Computers are Lousy Random Number Generators

codinghorror · November 17, 2006, 12:00am

The .NET framework provides two random number generators. The first is System.Random. But is it really random?

This is a companion discussion topic for the original blog entry at: http://www.codinghorror.com/blog/2006/11/computers-are-lousy-random-number-generators.html

codinghorror · November 19, 2006, 12:00am

One (very) crude test for randomness is how compressible the data is. I used WinRAR’s “best” compression method on 1 megabyte of pseudo-random data, and both times the file ended up larger after compression. Here’s an amusing related anecdote from Larry Osterman:

https://web.archive.org/web/20070120180055/http://blogs.msdn.com/larryosterman/archive/2005/04/19/409723.aspx

codinghorror · November 19, 2006, 12:00am

http://www.fourmilab.ch/random/ provides a nice tool for quantitatively measuring randomness

ent.exe results for 1 million System.Random bytes:

Entropy = 7.999794 bits per byte.

Optimum compression would reduce the size
of this 1000000 byte file by 0 percent.

Chi square distribution for 1000000 samples is 286.23, and randomly
would exceed this value 10.00 percent of the times.

Arithmetic mean value of data bytes is 127.4788 (127.5 = random).
Monte Carlo value for Pi is 3.138900556 (error 0.09 percent).
Serial correlation coefficient is 0.001206 (totally uncorrelated = 0.0).

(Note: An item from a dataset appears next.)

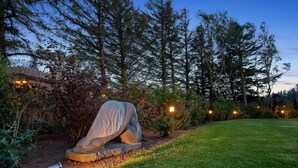 Una escultura en un jardín con una valla de madera y árboles al fondo.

ent.exe results for 1 million System.Encryption.RandomNumberGenerator bytes

Entropy = 7.999816 bits per byte.

Optimum compression would reduce the size
of this 1000000 byte file by 0 percent.

Chi square distribution for 1000000 samples is 254.68, and randomly
would exceed this value 50.00 percent of the times.

Arithmetic mean value of data bytes is 127.4412 (127.5 = random).
Monte Carlo value for Pi is 3.148140593 (error 0.21 percent).
Serial correlation coefficient is 0.000330 (totally uncorrelated = 0.0).

codinghorror · November 19, 2006, 12:00am

ent.exe results for 1 million http://www.random.org bytes:

Entropy = 7.999818 bits per byte.

Optimum compression would reduce the size
of this 1000000 byte file by 0 percent.

Chi square distribution for 1000000 samples is 251.58, and randomly
would exceed this value 50.00 percent of the times.

Arithmetic mean value of data bytes is 127.5342 (127.5 = random).
Monte Carlo value for Pi is 3.143316573 (error 0.05 percent).
Serial correlation coefficient is -0.000293 (totally uncorrelated = 0.0).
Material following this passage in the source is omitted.